* _Exercise brief_
Keep to the lines from the one with "Lelle-Kert Apartman 02" through the end of the data, and write them out exactly.
:: Dataset extract
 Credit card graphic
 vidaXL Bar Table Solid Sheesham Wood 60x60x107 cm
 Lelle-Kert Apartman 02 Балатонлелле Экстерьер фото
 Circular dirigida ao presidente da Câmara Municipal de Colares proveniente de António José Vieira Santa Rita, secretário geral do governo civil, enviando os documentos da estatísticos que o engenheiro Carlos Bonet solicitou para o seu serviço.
::::
* _Output for this task_
 Lelle-Kert Apartman 02 Балатонлелле Экстерьер фото
 Circular dirigida ao presidente da Câmara Municipal de Colares proveniente de António José Vieira Santa Rita, secretário geral do governo civil, enviando os documentos da estatísticos que o engenheiro Carlos Bonet solicitou para o seu serviço.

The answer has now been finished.